> WHAT TO DO
Using the records below, give again exactly the lines from the line that contains "Vorstand Roland Braig, 2." through the line that contains "mittlere Reihe v.l.n.r.", both ends included, and only those.
_____
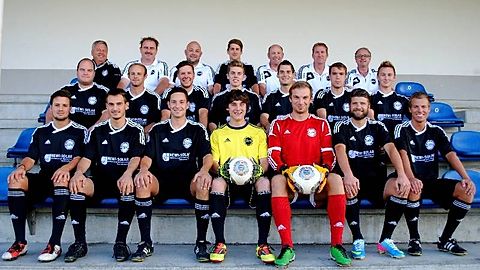 SV Haisterkirch Saison 2013/2014

hintere Reihe v.l.n.r. 
Vorstand Roland Braig, 2. Vorstand Andreas Welte, Physiotherapeut Mario Albersmaier, Jakob Schuschkewitz, Torwarttrainer Ralf Sonntag, Trainer Michael Buchter, 2. Abteilungsleiter Bernd Wirth

mittlere Reihe v.l.n.r. 
Thomas Frick, Andreas Nothhelfer, Joachim Hermann, Sebastian Ulmer, Marian Botzenhard, Kevin Matt, Kevin Steiner

vordere Reihe v.l.n.r.
Markus Ströbele, Dinan Avdovic, Martin Bosch, Dan Zebergs, Sebastian Haibel, Benjamin Schaden, Daniel Allgäuer

Es fehlen: Timo Merk, Daniel Ströbele, Berat Lutolli und Marc Matt
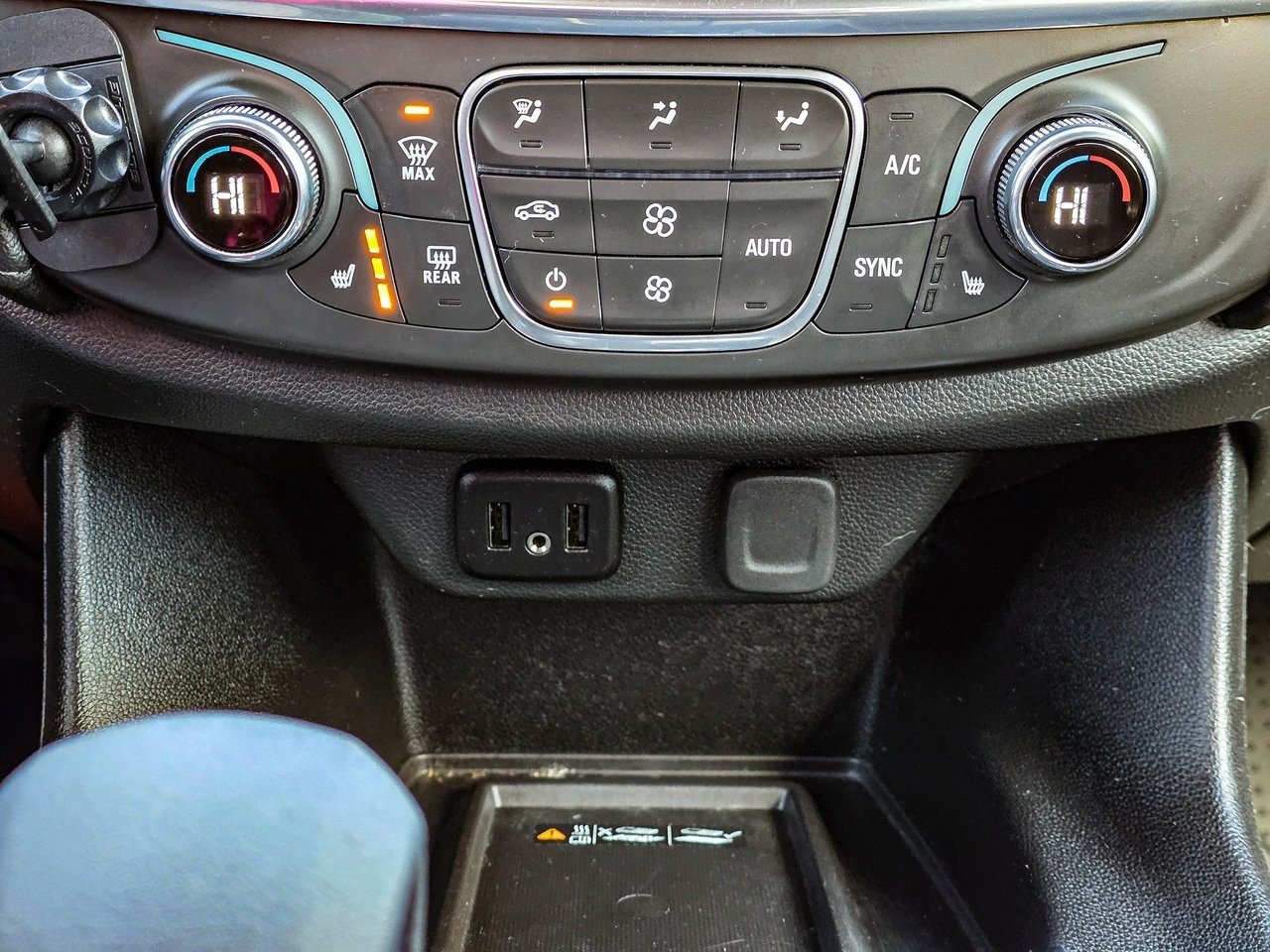 Certified 2023 Chevrolet Traverse LT w/ Rear Camera Mirror Package image 17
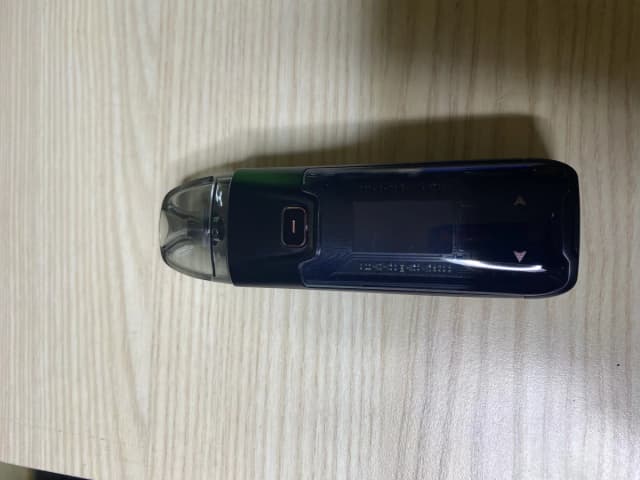 Photo secondaire 1 - Vaporesso Luxe XR Max 2 + accessoires occasion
_____
> FINAL ANSWER
Vorstand Roland Braig, 2. Vorstand Andreas Welte, Physiotherapeut Mario Albersmaier, Jakob Schuschkewitz, Torwarttrainer Ralf Sonntag, Trainer Michael Buchter, 2. Abteilungsleiter Bernd Wirth

mittlere Reihe v.l.n.r. 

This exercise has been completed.